Tratando de no producir ningún sonido, me aproximé a la habitación y me detuve en la entrada. Un hombre que llevaba una chaqueta de terciopelo negro y el cabello muy largo estaba cortando cuidadosamente un hueco rectangular en las páginas de un libro abierto. De no ser por el tono grisáceo de su cabello y las arrugas alrededor de sus ojos, podría haber sido tomado por un joven. Estaba sentado frente a una potente luz eléctrica: debían ser quinientos o mil vatios. Ningún hombre con una visión normal hubiera podido soportar el estar tan cerca de ella, pero aquel hombre era ciego.

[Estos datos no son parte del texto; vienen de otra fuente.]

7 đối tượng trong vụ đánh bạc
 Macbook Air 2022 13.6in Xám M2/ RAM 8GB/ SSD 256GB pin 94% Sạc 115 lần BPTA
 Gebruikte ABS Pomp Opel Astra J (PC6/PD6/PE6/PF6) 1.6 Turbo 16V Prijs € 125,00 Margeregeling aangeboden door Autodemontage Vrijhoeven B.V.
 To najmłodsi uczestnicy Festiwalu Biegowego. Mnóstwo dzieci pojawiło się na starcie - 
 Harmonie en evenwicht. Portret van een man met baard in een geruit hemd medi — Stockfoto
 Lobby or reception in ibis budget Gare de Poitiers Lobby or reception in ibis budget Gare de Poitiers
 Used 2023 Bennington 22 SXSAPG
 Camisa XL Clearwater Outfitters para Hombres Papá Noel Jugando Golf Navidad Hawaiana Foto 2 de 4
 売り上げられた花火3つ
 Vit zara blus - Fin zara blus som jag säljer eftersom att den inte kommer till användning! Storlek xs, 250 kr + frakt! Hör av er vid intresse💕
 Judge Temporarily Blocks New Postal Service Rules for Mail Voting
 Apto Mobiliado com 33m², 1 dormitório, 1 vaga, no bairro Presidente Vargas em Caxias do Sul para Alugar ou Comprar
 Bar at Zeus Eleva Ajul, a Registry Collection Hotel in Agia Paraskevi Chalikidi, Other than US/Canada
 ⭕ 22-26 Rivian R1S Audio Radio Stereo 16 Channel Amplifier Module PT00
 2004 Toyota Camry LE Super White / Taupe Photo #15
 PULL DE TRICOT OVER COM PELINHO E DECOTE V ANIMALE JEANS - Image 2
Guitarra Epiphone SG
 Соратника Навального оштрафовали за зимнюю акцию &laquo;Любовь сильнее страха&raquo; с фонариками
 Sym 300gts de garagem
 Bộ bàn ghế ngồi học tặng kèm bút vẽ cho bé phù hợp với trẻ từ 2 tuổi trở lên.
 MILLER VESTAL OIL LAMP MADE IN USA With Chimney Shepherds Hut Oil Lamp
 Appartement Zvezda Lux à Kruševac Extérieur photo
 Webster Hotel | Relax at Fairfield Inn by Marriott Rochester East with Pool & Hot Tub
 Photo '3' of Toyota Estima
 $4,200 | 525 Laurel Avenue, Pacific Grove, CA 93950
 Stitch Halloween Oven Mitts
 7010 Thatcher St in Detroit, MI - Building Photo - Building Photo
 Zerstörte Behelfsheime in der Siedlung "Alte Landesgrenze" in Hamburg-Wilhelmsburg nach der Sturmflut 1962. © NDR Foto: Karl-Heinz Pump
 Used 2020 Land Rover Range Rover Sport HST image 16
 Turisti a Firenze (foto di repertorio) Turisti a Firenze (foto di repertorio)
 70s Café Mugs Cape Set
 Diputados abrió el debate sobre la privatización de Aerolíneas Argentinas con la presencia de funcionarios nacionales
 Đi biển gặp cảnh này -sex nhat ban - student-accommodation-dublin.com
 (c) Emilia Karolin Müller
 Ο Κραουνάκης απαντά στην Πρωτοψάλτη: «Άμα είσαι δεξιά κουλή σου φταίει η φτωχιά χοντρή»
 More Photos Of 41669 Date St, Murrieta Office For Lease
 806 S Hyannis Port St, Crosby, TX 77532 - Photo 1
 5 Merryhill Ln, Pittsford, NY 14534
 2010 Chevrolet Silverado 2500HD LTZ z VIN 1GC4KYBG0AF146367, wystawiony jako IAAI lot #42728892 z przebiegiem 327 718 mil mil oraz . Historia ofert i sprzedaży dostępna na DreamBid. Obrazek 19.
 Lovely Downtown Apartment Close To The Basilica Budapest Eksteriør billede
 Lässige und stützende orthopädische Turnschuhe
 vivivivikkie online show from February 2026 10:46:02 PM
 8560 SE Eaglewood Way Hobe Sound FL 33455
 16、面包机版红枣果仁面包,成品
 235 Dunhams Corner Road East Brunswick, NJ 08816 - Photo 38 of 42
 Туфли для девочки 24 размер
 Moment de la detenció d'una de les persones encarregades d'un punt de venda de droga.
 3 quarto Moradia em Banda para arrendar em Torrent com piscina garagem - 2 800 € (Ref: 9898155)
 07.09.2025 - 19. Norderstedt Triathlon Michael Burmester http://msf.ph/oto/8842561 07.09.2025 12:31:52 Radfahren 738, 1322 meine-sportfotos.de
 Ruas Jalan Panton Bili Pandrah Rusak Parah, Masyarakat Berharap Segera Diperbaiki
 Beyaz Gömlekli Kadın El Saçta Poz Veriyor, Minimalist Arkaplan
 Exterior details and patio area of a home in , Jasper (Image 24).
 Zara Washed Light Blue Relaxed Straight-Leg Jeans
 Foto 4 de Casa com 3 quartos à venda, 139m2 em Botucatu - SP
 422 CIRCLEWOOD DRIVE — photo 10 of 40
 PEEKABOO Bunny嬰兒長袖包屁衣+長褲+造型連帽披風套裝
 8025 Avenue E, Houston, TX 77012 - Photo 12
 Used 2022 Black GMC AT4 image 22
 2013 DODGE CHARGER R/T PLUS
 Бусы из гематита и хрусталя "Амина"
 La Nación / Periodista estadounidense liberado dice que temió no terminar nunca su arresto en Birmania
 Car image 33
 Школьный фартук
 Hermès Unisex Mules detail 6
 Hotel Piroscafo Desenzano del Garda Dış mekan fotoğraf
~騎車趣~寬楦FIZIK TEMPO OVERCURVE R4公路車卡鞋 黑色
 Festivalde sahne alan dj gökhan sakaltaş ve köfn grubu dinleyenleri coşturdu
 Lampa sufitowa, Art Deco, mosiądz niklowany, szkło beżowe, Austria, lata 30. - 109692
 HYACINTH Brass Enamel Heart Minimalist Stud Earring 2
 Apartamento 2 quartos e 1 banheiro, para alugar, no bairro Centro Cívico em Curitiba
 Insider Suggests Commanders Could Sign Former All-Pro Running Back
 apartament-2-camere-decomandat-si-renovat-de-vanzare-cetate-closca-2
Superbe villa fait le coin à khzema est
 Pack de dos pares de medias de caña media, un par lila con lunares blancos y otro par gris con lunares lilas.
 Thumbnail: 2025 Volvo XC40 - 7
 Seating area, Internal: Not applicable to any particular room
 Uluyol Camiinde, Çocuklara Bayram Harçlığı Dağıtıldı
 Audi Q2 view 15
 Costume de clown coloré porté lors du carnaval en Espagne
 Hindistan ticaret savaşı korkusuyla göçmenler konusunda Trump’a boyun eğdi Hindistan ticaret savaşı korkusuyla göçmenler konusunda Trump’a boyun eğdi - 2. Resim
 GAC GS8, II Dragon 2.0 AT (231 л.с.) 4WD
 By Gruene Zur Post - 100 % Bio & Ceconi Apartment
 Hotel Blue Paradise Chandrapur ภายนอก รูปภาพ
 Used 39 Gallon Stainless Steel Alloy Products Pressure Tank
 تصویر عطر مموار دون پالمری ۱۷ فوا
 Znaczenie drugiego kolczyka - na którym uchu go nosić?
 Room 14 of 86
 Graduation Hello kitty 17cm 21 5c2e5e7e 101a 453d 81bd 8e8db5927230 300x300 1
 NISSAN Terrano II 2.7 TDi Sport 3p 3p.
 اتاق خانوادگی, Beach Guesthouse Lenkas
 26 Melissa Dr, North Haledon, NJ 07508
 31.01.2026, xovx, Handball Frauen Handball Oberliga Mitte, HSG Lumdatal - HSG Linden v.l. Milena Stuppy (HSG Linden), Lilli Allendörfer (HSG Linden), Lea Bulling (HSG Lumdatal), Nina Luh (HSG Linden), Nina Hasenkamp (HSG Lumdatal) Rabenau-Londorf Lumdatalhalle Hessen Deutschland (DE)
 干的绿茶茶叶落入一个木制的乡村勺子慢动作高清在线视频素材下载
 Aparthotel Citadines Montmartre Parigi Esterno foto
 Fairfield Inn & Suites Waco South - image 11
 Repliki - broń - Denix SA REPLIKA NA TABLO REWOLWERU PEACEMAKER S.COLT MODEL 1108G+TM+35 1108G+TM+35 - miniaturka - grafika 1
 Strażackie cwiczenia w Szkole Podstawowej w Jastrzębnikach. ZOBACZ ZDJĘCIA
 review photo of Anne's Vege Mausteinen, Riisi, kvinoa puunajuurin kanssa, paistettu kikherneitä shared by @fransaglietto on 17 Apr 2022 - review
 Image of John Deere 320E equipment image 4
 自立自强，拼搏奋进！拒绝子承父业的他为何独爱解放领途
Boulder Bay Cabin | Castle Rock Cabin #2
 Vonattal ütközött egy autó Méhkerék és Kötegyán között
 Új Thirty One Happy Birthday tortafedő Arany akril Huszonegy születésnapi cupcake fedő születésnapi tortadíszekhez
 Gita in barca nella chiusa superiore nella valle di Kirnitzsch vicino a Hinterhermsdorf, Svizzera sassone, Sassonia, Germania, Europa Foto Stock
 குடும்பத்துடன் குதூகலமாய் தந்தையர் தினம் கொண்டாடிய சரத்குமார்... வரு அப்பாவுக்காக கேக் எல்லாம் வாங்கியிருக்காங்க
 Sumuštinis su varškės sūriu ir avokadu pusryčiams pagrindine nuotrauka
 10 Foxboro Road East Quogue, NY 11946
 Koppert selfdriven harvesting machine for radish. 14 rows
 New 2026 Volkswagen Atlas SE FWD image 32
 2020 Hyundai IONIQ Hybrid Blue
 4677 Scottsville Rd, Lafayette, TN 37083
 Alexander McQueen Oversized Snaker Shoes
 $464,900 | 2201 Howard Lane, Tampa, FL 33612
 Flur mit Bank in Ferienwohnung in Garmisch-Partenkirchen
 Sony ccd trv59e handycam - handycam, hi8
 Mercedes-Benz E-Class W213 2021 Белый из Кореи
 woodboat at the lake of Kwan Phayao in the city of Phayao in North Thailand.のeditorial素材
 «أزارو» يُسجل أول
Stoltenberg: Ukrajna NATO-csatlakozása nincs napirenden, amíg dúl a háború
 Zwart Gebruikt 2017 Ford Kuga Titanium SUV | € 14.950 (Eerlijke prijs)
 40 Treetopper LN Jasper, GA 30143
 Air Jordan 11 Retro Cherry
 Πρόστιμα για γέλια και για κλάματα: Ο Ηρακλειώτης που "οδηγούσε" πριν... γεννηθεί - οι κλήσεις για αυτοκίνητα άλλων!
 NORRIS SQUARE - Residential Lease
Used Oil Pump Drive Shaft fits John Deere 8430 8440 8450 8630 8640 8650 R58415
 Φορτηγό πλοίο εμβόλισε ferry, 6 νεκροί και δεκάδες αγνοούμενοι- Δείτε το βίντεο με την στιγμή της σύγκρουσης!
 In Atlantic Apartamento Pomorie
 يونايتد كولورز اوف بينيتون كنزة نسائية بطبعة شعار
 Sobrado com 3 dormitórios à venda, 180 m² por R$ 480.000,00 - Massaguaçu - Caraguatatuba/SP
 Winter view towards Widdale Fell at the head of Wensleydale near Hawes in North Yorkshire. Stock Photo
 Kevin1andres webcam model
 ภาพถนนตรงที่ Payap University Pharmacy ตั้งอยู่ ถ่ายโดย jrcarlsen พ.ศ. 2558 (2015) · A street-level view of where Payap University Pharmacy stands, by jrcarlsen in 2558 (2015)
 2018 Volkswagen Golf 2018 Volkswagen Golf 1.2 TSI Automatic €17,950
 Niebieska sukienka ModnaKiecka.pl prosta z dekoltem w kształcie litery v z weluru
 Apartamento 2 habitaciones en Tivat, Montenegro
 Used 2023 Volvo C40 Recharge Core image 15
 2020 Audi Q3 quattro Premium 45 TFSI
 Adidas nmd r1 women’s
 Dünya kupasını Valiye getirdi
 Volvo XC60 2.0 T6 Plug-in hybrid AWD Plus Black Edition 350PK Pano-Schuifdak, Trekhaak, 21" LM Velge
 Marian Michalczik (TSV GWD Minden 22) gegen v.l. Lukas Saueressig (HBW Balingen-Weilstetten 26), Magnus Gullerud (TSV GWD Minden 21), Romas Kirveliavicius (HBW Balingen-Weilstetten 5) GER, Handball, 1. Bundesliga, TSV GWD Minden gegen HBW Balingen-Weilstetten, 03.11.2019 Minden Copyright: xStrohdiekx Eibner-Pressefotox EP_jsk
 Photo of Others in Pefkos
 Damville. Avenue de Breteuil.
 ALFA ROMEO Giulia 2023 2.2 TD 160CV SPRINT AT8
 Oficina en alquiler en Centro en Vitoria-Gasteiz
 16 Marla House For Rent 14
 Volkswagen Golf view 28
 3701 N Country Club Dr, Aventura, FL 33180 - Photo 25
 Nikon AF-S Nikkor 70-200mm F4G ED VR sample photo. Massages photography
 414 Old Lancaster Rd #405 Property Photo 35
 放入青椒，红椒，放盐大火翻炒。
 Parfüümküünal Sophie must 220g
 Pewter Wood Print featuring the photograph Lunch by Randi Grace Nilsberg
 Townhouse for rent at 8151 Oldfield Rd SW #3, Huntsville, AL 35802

—He encontrado un sitio ideal donde ocultarlas —me dijo en polaco—. Mira, todas las cartas caben dentro.

Tomó el montón de cartas metidas en sobres largos y las colocó en el hueco artificial hecho en el libro. Luego puso goma en las páginas no cortadas a los lados del hueco y las apretó para ocultar las cartas.

—Ahora lo agitamos. —Agitó el libro, aferrándolo por las cubiertas—, ¿Ves? No cae nada. Ni el mismísimo Poirot podría encontrarlas.

Yo permanecía inmóvil y en silencio, sin saber qué decir.

—¿Por qué estás tan silenciosa, Elzbeta? —dijo, volviéndose repentinamente más cauto. Y luego gritó, esta vez en inglés—: ¿Quién está ahí? ¡Quédese donde está!

Dejó caer el libro y tomó una pistola de sobre la mesa. El cañón había sido alargado con un silenciador. Dado que la apuntaba tan exactamente en mi dirección, resultaba obvio que su ceguera no le impedía en absoluto manejar el arma.

—Al menor movimiento, disparo. ¿Quién es usted? —preguntó. Estaba de pie, medio vuelto hacia mí, sin mirar, pero escuchando, como hacen los ciegos. Sin replicar, di un rápido paso hacia atrás. De inmediato se oyó un clic… Fue un clic, no el estampido de un disparo. La bala se clavó en el yeso, junto a mi oreja.

—Está usted loco —dije en polaco—. ¿Por qué ha hecho esto?

—Es usted polaco. Lo imaginé. —No estaba sorprendido en lo más mínimo, y no bajó la pistola—. Venga a la mesa, siéntese junto a mí, y no trate de quitarme la pistola: lo oiría. Venga.

Maldiciéndome a mí mismo por aquella estúpida aventura, fui a la mesa y me senté, extendiendo las piernas frente a mí. El cañón de la pistola siguió todos mis movimientos. Ahora me apuntaba al pecho. Lo podría haber agarrado, de no haber estado seguro de que dispararía antes.

—¿Viene enviado por Copecki? —preguntó el ciego.

—No conozco a nadie con ese nombre —dije.

—Entonces, ¿de dónde sale usted?

—De Polonia.

—¿Cuánto tiempo hace?

—Salí de allí en diciembre del año pasado.

—No mienta.

—Le podría mostrar mi pasaporte, pero usted… —me detuve, confundido.

—¿Quiere decir que es usted comunista? —me interrumpió.

—Así es —respondí, desabrido. Aquel interrogatorio estaba empezando a irritarme.

—¿Por qué está usted aquí?

Se lo dije.
—Por alguna razón, le creo —dijo pensativo—. Pero, ha visto el escondite.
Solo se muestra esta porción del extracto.